丸い団子を十三夜にちなんで、13個並べて供えます。まず1段目に、縦と横に3個ずつになるように9個並べます。2段目は、縦と横に2個ずつになるように4個並べましょう。
本来は、神事で使用される『三方(さんぽう)』に月見団子を飾りますが、普通の家庭にはないので、皿やお盆で代用するのがおすすめです。天ぷら用の敷紙などを敷いて月見団子を飾れば、お供え物らしくなります。
飾る場所は床の間ですが、昔とは異なり床の間がない家が多いのが現状です。月が見える方角の窓辺などに供えるとよいでしょう。
旬の収穫物
十三夜は『収穫に感謝すること』が目的の一つのため、旬の食べ物を供えます。芋名月・栗名月・豆名月と呼ばれている通り、サツマイモや里芋などの芋類や、栗・豆は代表的なお供え物です。
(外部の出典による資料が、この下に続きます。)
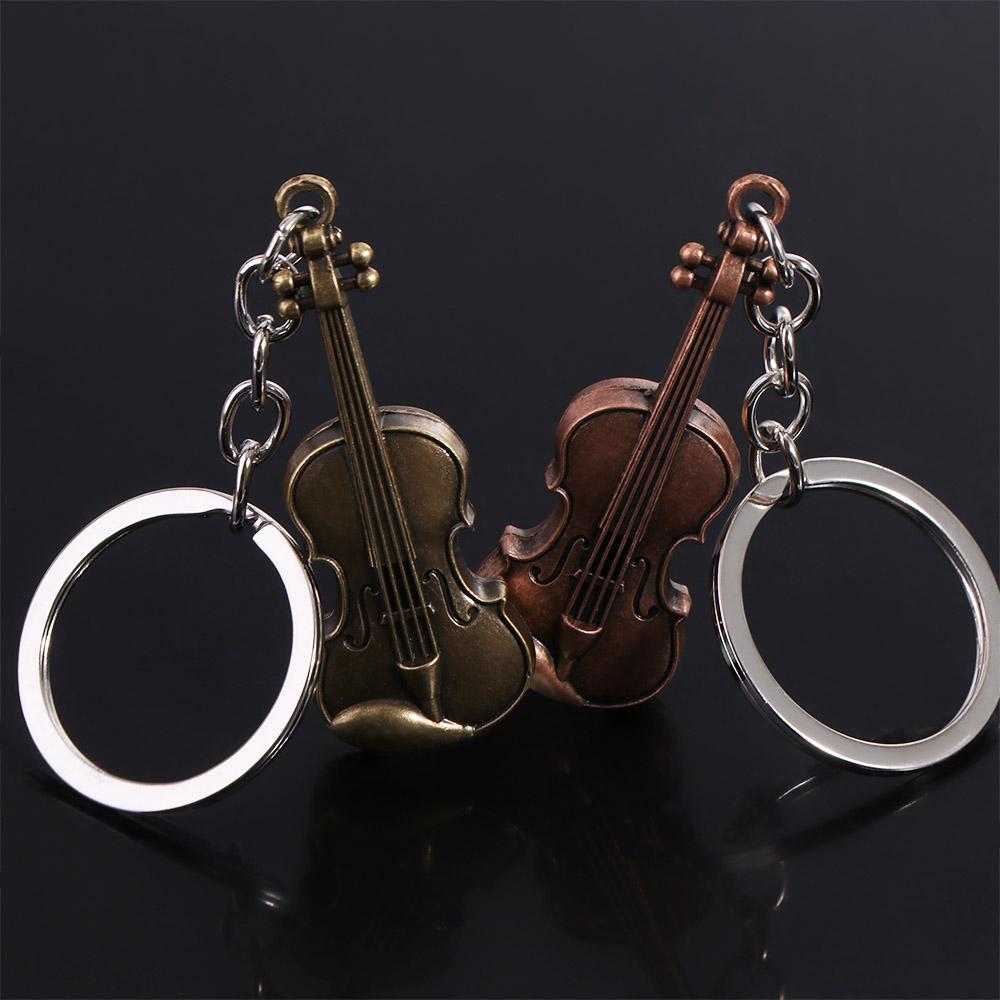 Copper Bronze Violin Key Chain Cello Musical Instrument Pendant  Musician Jewelry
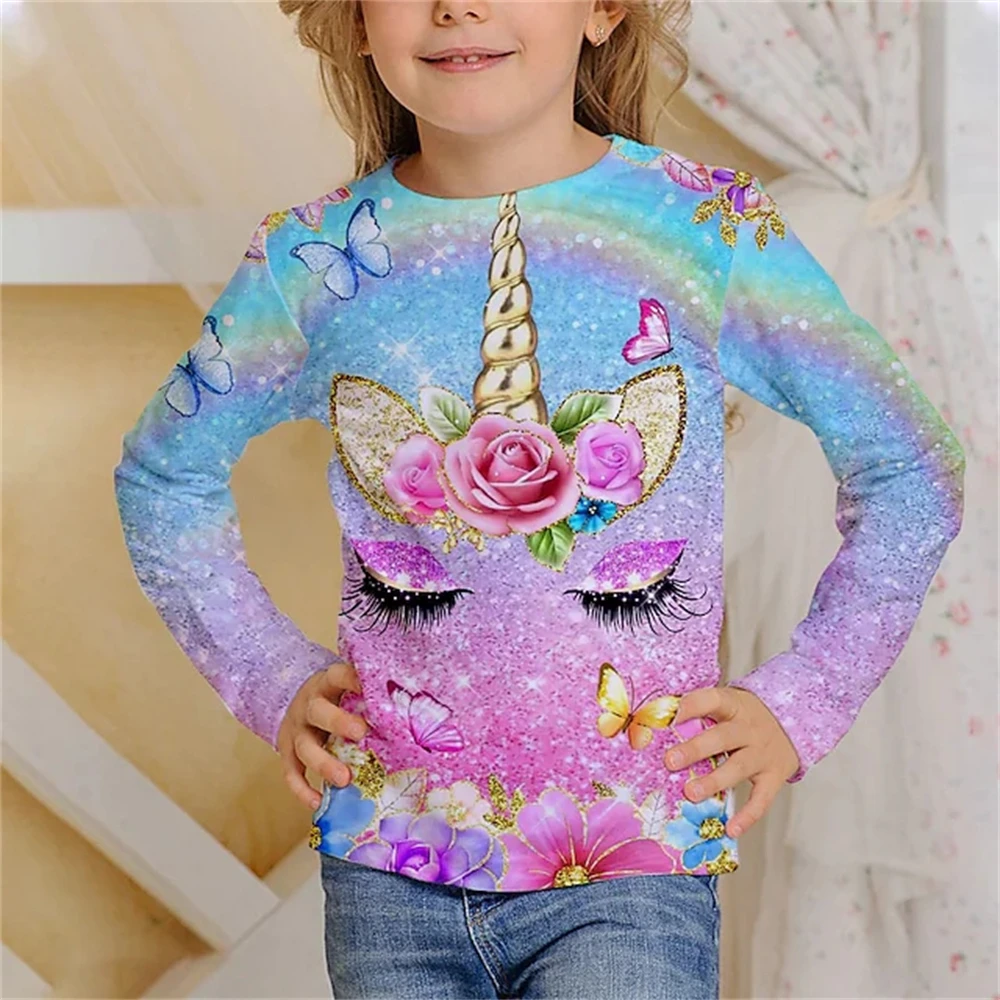 Children's Clothing Cartoon Horse Graphic T Shirts Fashion Girl Clothes Long Sleeve Blouse for Girls Kids T-Shirts Children Top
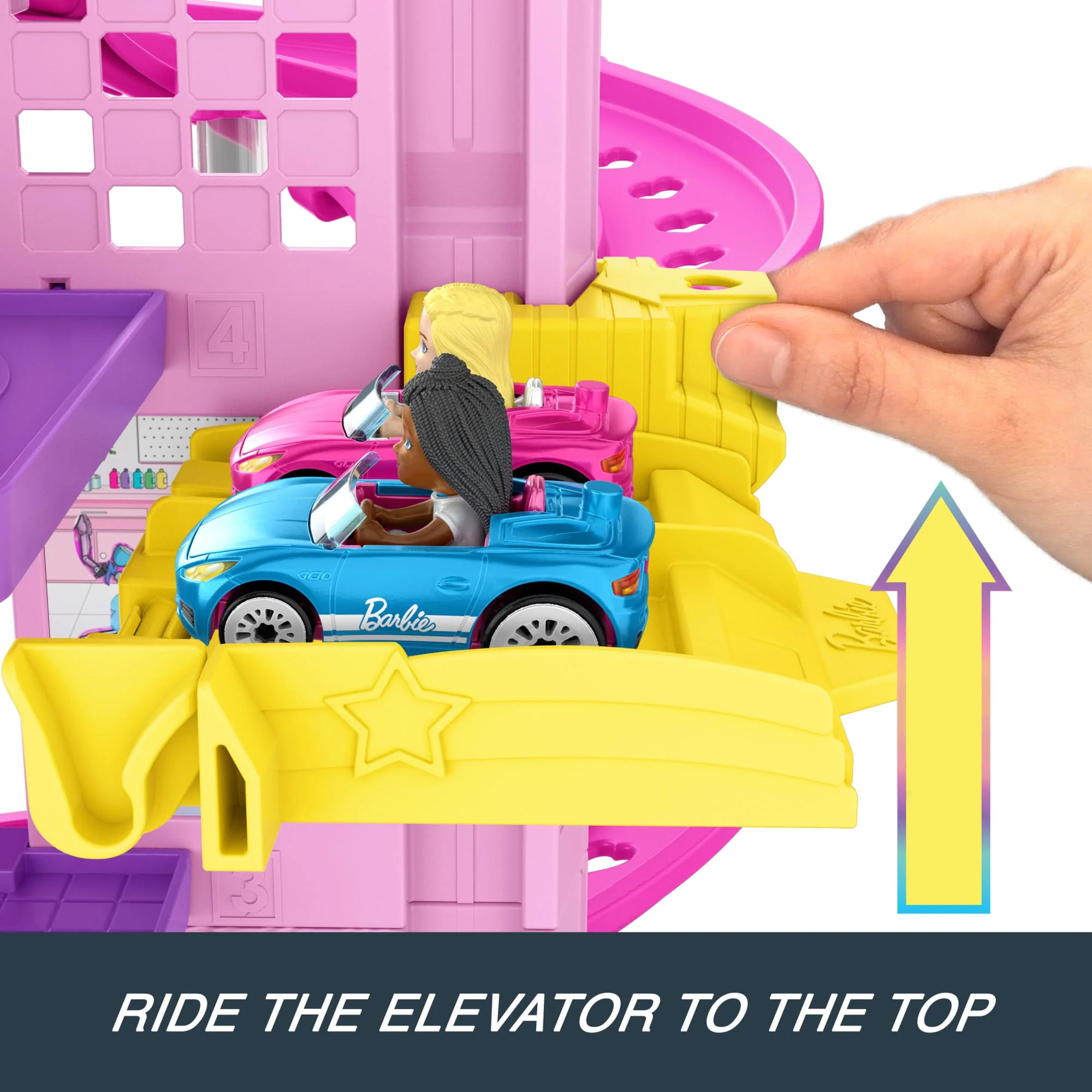 Hot Wheels Racerverse Barbie Spiral Race Track Set With Barbie ��Malibu�� & Barbie ��Brooklyn�� Toy Cars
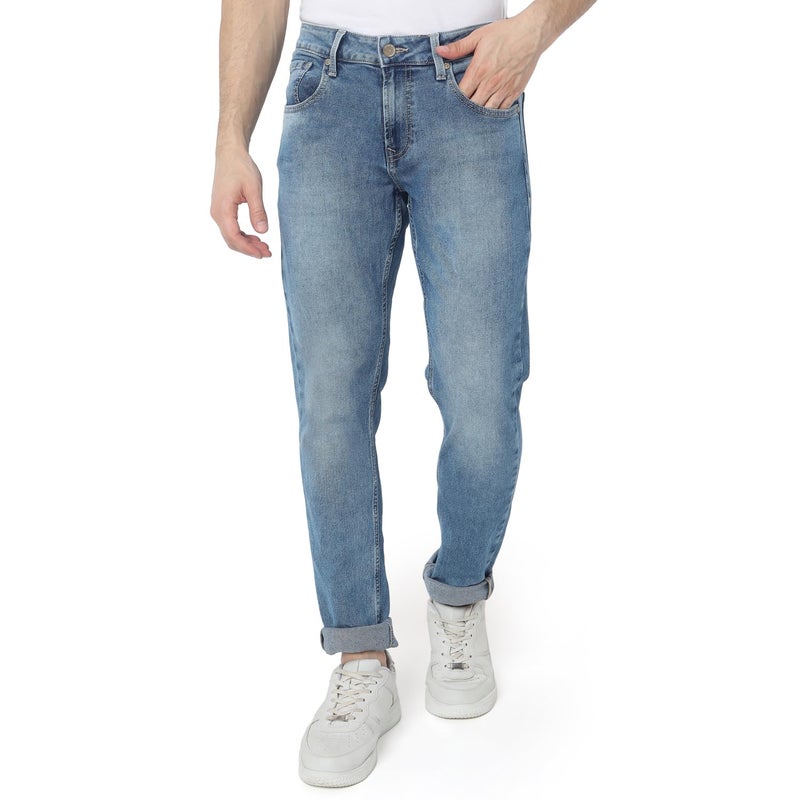 Spykar Men's Skinny Fit Low-Rise Casual Jeans Light Blue - Image 4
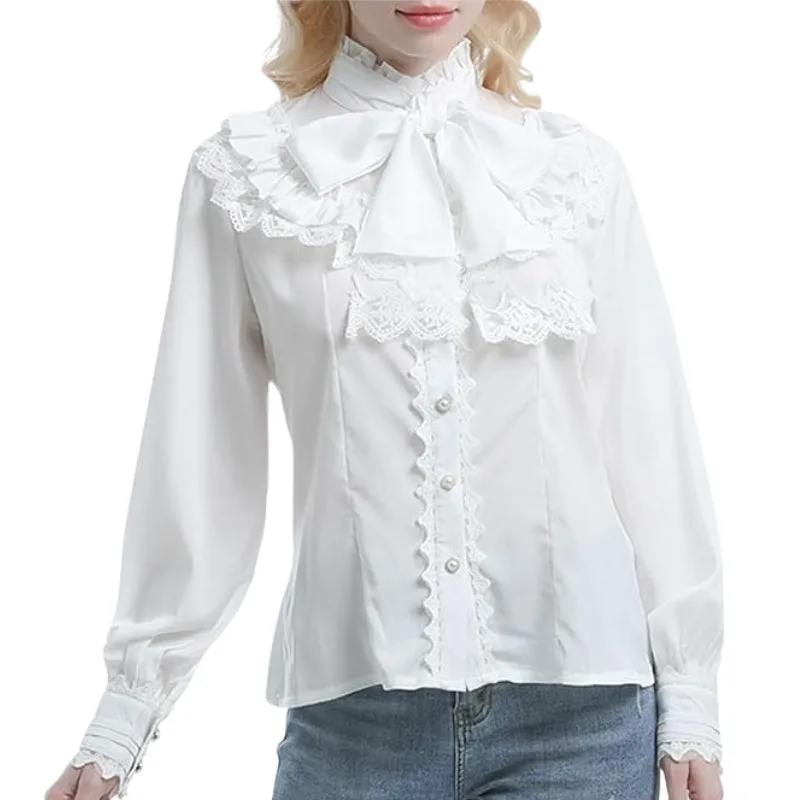 View 5 — Victorian steampunk blouse — white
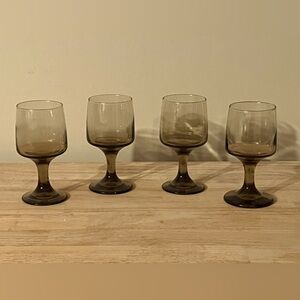 Set Of 4 1970’s  Libbey Tawny Smoke Brown Wine Glass/Small Goblet  In LNC!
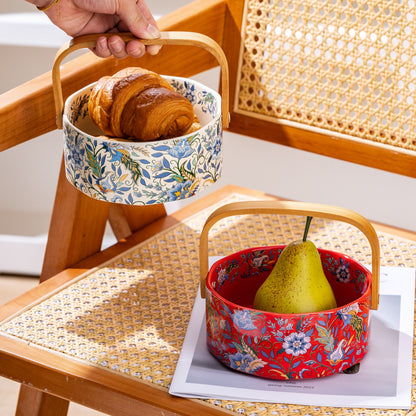 French Floral Ceramic Fruit Basket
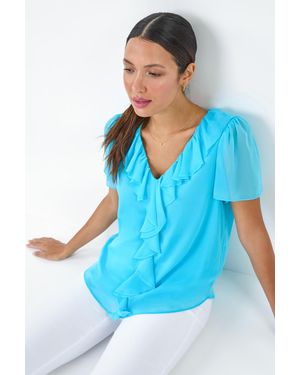 Roman Crinkle Textured V-Neck Frill Detail Top - Blue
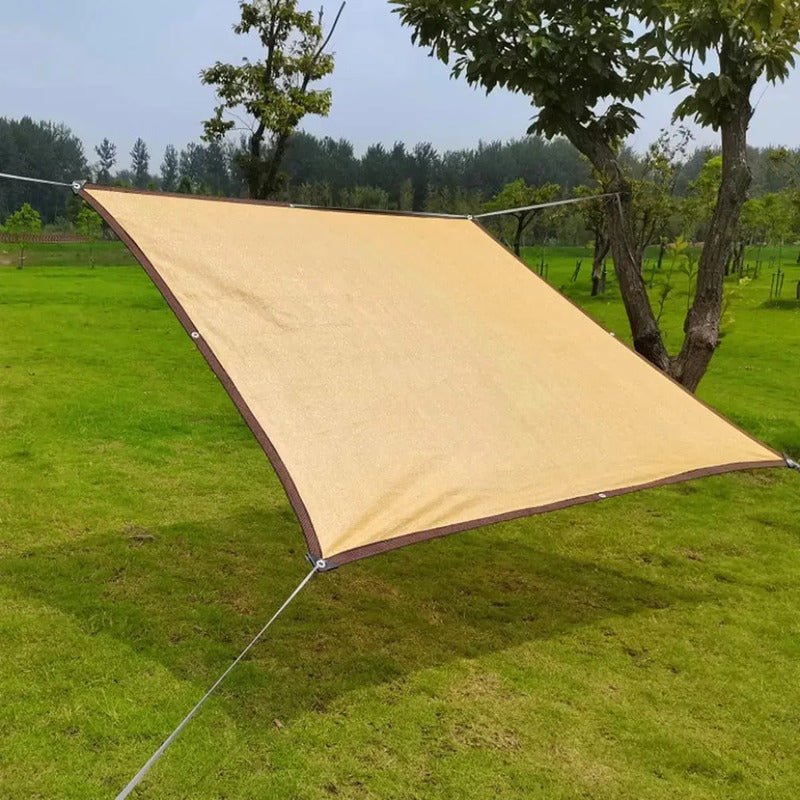 Toldo Vela Rectangular Okshop 4x5 Beige Hdpe Impermeable Uv Para Camping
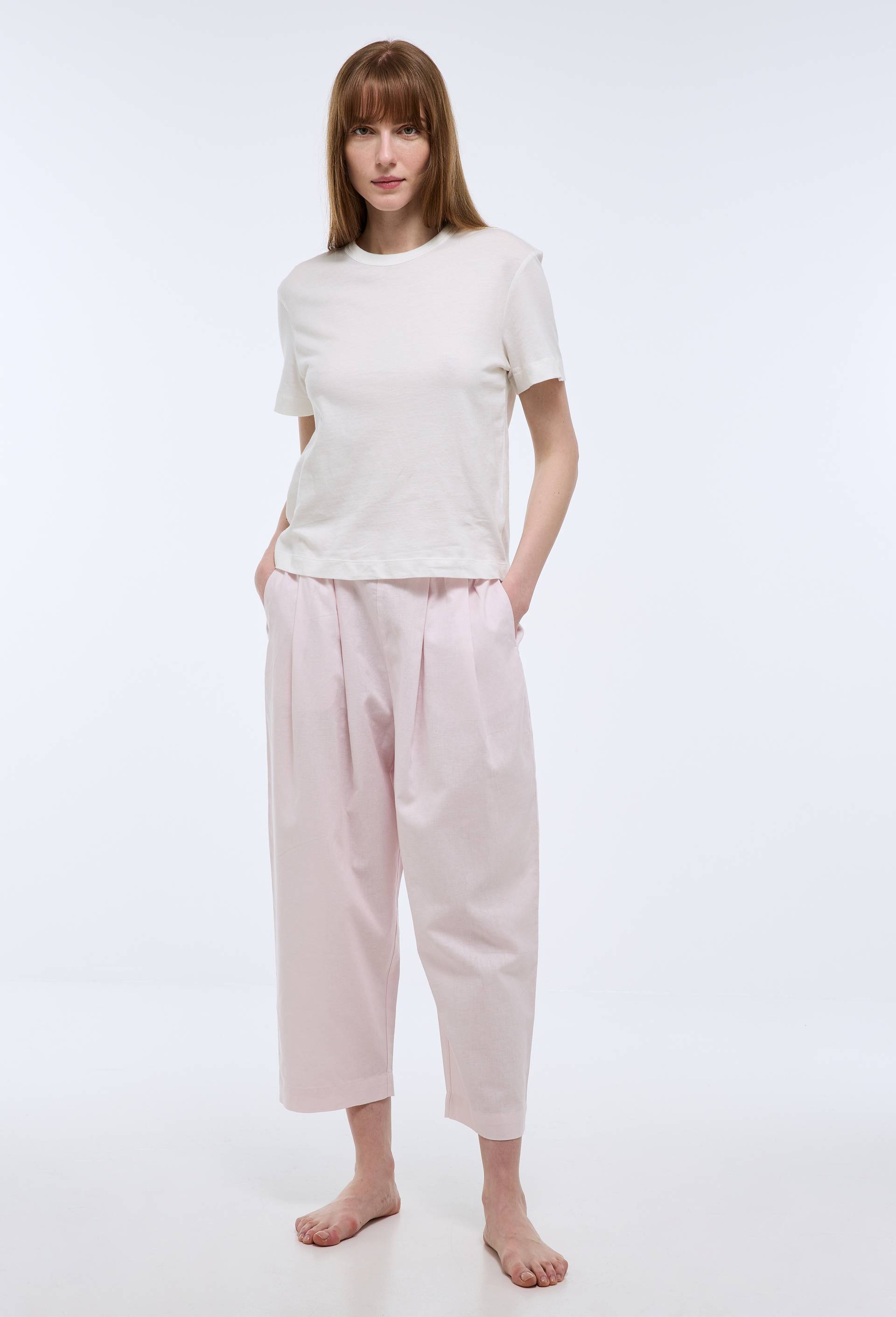 Pantalon uni en lin et coton, Rose clair, large image number 0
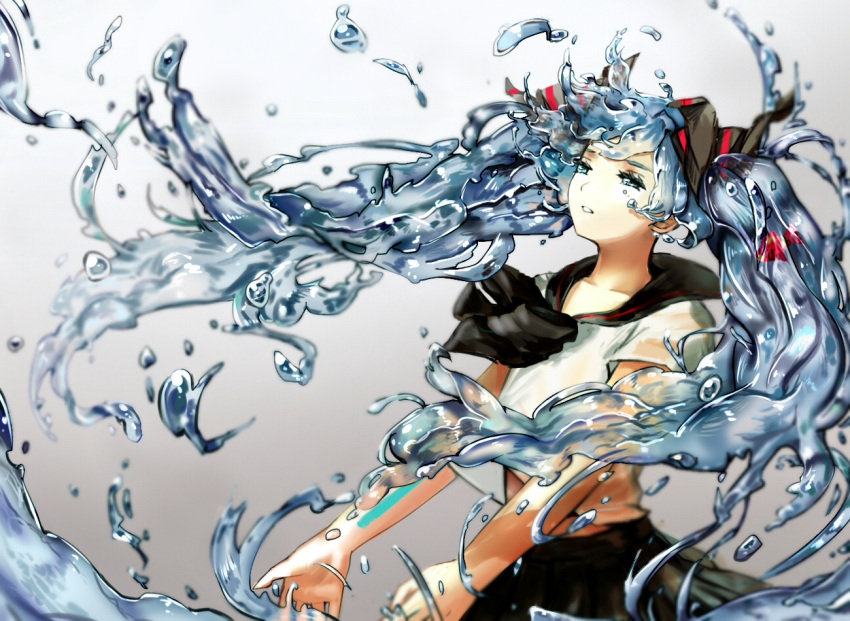 1girl, blue_hair, bottle_miku, fish, hair_ribbon, hatsune_miku, himasen, liquid_hair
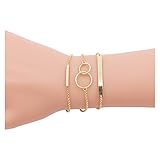 Boosic Multi layer Bracelet Infinity Circle Bar Tube Charm Multi Strand Bracelet Dainty Jewelry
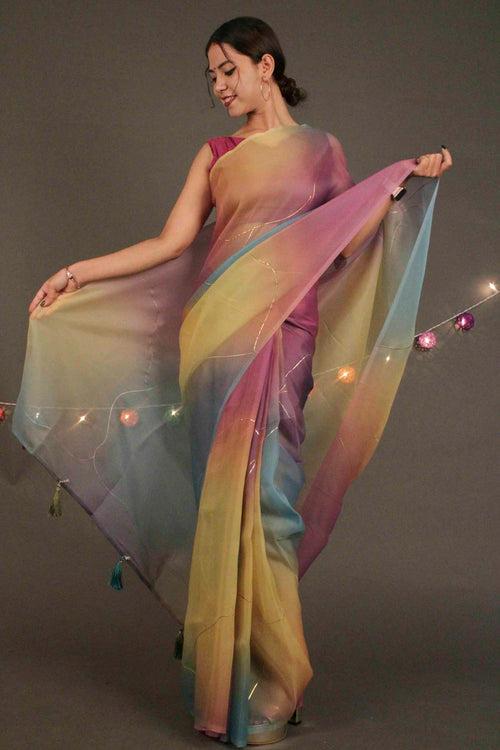 Rainbow Double Organza Sequence  Embroidered Wrap in 1 minute saree with Tassels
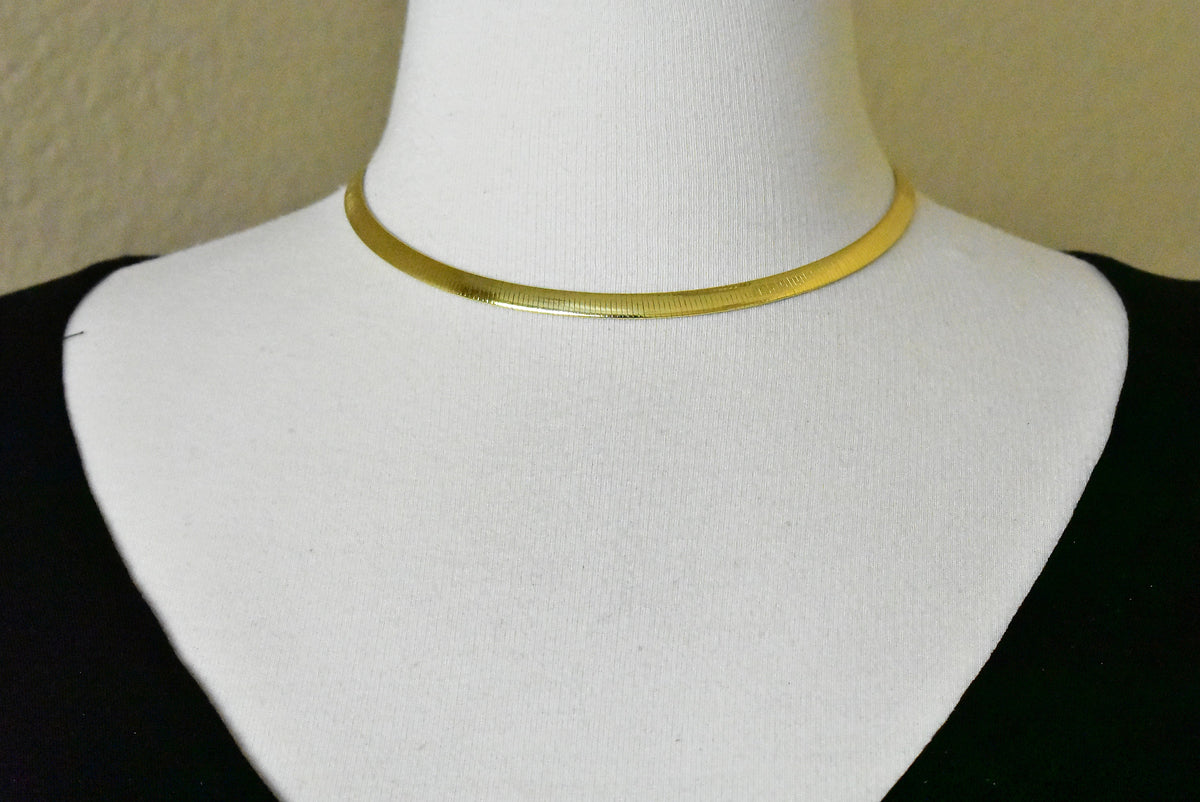 sterling silver gold plated reversible 5.75mm omega cubetto necklace chain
その他にも、カボチャ・大根・キノコ類・銀杏・ブドウ・柿など旬の野菜や果物を飾るとよいでしょう。
お供え物として飾るだけでなく、旬の食べ物を使った料理を味わうのもおすすめです。栗やキノコの炊き込みご飯やサツマイモ、またはカボチャの煮物など、秋らしい食事を味わいながら月を眺め、収穫に感謝するのもよいでしょう。